The thickness of the photoconductive material 19; deposited at each detection pixel 10_i is adjusted so as to make possible sufficient absorption of the incident light, so as to form a usable detection signal, while making it possible to transmit the highest possible fraction of incident light. Thus, the thickness of the material is configured to make it possible to transmit at least 50%, or even 60%, or even 70%, or even 80% of the incident light. The fraction of light not transmitted is absorbed by the photoconductive material 19_i so as to form the detection signal of the pixel 10_i. Generally, the thickness of the photoconductive material is between 50 nm and 500 nm.

A first counter-electrode 18′ is formed on the photoconductive material 19_i of each detection pixel 10_i. Cf. FIG. 4E. While each first electrode 18_i is pixellated, the first counter-electrode 18′ is common to all of the detection pixels. The first counter-electrode 18′ is formed from a conductive material which is transparent in the emission spectral band, for example ITO in the visible spectral band.

The steps depicted in FIGS. 4A to 4E are implemented on the support 10_s so as to form the detection pixels 10_i. Each detection pixel may extend along a side dx which is greater than the wavelength, for example greater than 1 μm and preferably greater than a few μm, typically between 10 μm and 500 μm on a side.

A formation of a modulator 20 is now described, comprising a matrix of elementary liquid crystals, or modulation pixels, respectively coupled to the detection pixels 10_i.
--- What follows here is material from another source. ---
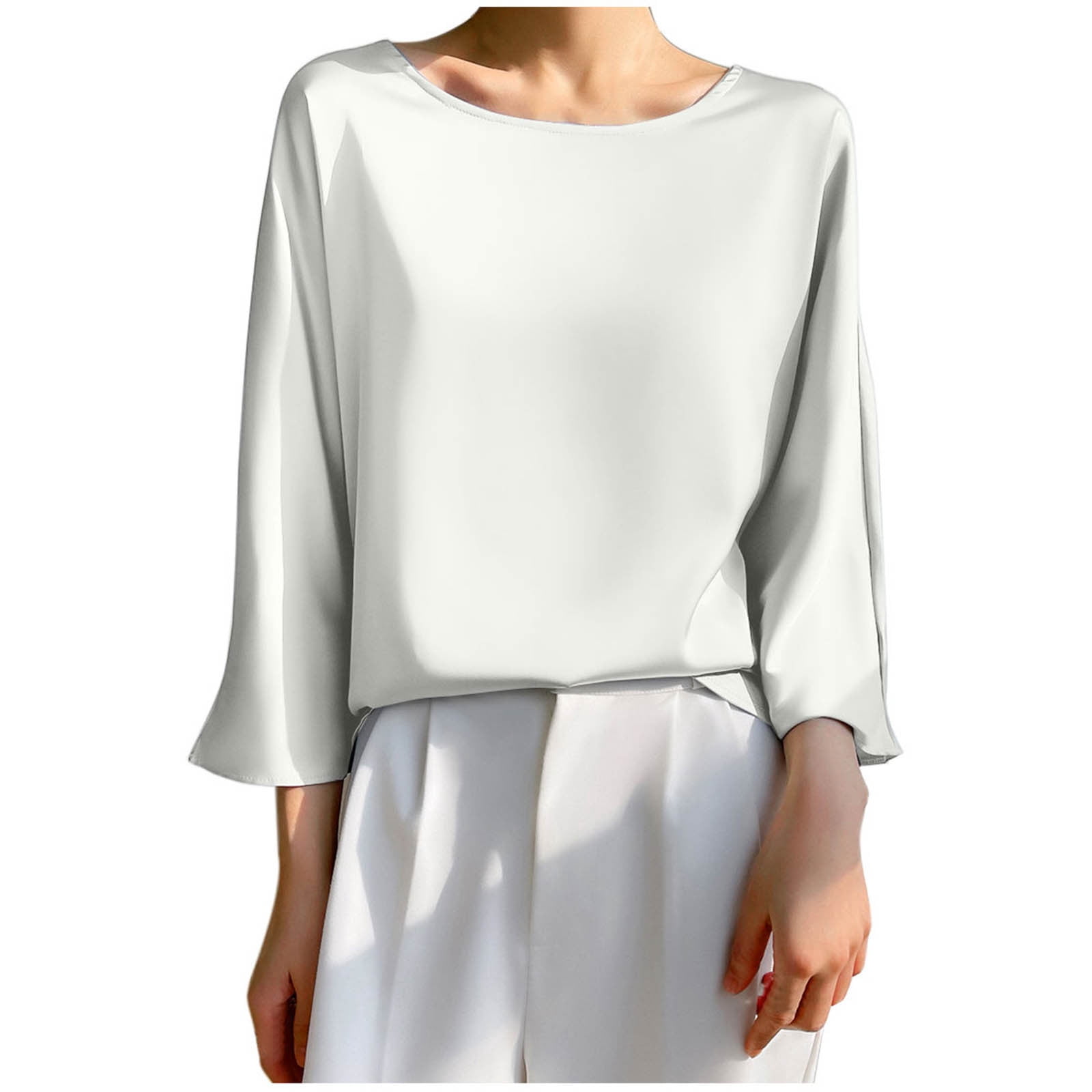 Timegard Hauts pour Femmes Satin Manches 3/4 Encolure Dégagée Lissant T-Shirts Unis Décontractés Amples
In the embodiment described, each modulation pixel 20_i is configured to modify a polarization direction of the light, upstream of a detection pixel, in order to modulate the intensity of the signal detected by the detection pixel. What is meant by “upstream” is along the direction of propagation of the light emitted by the source. The device comprises an output polarizer 27_i, downstream of each modulation pixel 20_i. The output polarizer is formed from a film of metallic material 27 which is deposited against the first counter-electrode 18′. The metallic material is, for example, aluminium or silver. The thickness of the metallic film 27 is between 50 and 500 nm. Cf. FIG. 4F. The metallic film 27 is structured, so as to form, opposite each detection pixel 10_i, the polarizer 27_i, here taking the form of a grid, the pitch of which is typically between 50 nm and 500 nm. Cf. FIG. 4G. The grid may be sized by an electromagnetic simulation method, based on RCWA (rigorous coupled-wave analysis) or FDTD (finite-difference time-domain) algorithms. An insulating layer 27′, for example SiO₂, is then deposited on the structured metallic film 27, so as to obtain the polarizer 27_i. Cf. FIG. 4H. The insulating layer 27′ is, for example, deposited by evaporation.

An opening 27_o is then formed through the insulating layer, opposite each drain 26_i of each transistor 21_i. Cf. FIG. 4I.

Second electrodes 28_i are then deposited, opposite each detection pixel 10_i. Cf. FIG. 4J. Like the first electrode 18_i or the first counter-electrode 18′, each second electrode 28_i is formed from a conductive material transparent in the emission spectral band of the light source. Each second electrode 28_i fills each opening 27_o so as to contact the drain 26_i of each transistor 21_i.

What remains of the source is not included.